During his term, the City was considering building more subway lines and expanding those that existed. There was a policy debate around expanding the existing Interborough system versus establishing a new TriBorough system and whether the City or private operators would manage the systems. Several folders of correspondence attest to the significance of the matter, which was not resolved during Gaynor’s term.
The South Side Board of Trade, a group of Bath Beach businessmen, sent a lengthy letter supporting construction of the Triborough route and cited Gaynor’s campaign statements in support of building more subway systems. The Mayor responded with a lengthy letter in which he acknowledged support for building subways and disavowed support for the Triborough. “Your notion that I ever made any pledge to build the tri-borough route has not a leg to stand on…. I do not think that you know enough on the subject to say how you would vote if you were in my place… What you do not know about this subway situation would fill a book…”
On November 21, 1910, Gaynor signed a letter he had dictated for assistants to type, addressed to a Mr. Kraft who had questioned a proposed subway expansion. Gaynor posed several questions: “What is the tri-borough route which you mention? Do you know where it runs, how much it would cost and how long it would take to build? Do you know how much available credit the city has to devote to subways? In a word do you know anything on the subject at all? Of course you understand that I have to deal with facts and not with more talk. Begin to think a little yourself, and study the maps, and study the city’s credit, and pay less attention to sensational newspapers. You ought to have opinions of your own if you are an intelligent man.”
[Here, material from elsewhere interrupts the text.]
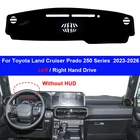 Dashboard cover mat for Toyota Land Cruiser Prado 250 Series 2023–2026, anti-glare and non-slip dash protector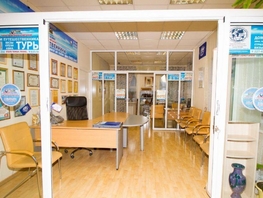 Офис, 43 м², 2 этаж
Then, as now, elected officials sparred with the media. In Gaynor’s case, the nemesis was The New York Journal owned by Randolph Hearst. In multiple letters he wrote that the correspondent was deceived by evil publications. For example, a January 31, 1911, response to a J. S. Mencken, Esq, he wrote, “Your letter of no date is at hand. You are very grievously misinformed. I am breaking no promise that I ever made with regard to subways. I think you are reading some lying newspaper.”
As a vote neared at the Board of Estimate, the Chamber of Commerce and the Merchants’ Association proposed establishing a Citizen’s Committee to review the subway proposals and produce a report that would “assist the public to a clear understanding of the several alternative propositions which are pending, and to crystalize public opinion and sentiment in favor of some definite solution of the problem. The public is intensely interested, but at present is hopelessly confused and uncertain as to what should be done,” wrote the President of the Merchants’ Association to Seth Low. Low had served as the Mayor of both the independent City of Brooklyn and the consolidated City of New York. He was to be the Chair of this committee. Even this seemingly routine event provoked an irascible response from the Mayor. First, he wrote to the associations that he had nor requested the committee be created. “I did not request that it be done. On the contrary, you approached me with the suggestion that it be done and I acquiesced in it.”
During the month of December, 1910, the committee met, reviewed the relevant expert documentation, financial notes and official testimony and issued a summary report at the end of the month. This prompted Mayor Gaynor to send a laudatory thank you letter to former Mayor Low. “ I had not supposed it possible to compress so much work into so short a space of time. The comprehensive character of the reports cannot fail to be of great service to this community and to public officials. That such a body of men should devote days of continuous work to the study of this difficult problem of subways is another proof that we have many among us who have at heart the public weal and comfort above all else.”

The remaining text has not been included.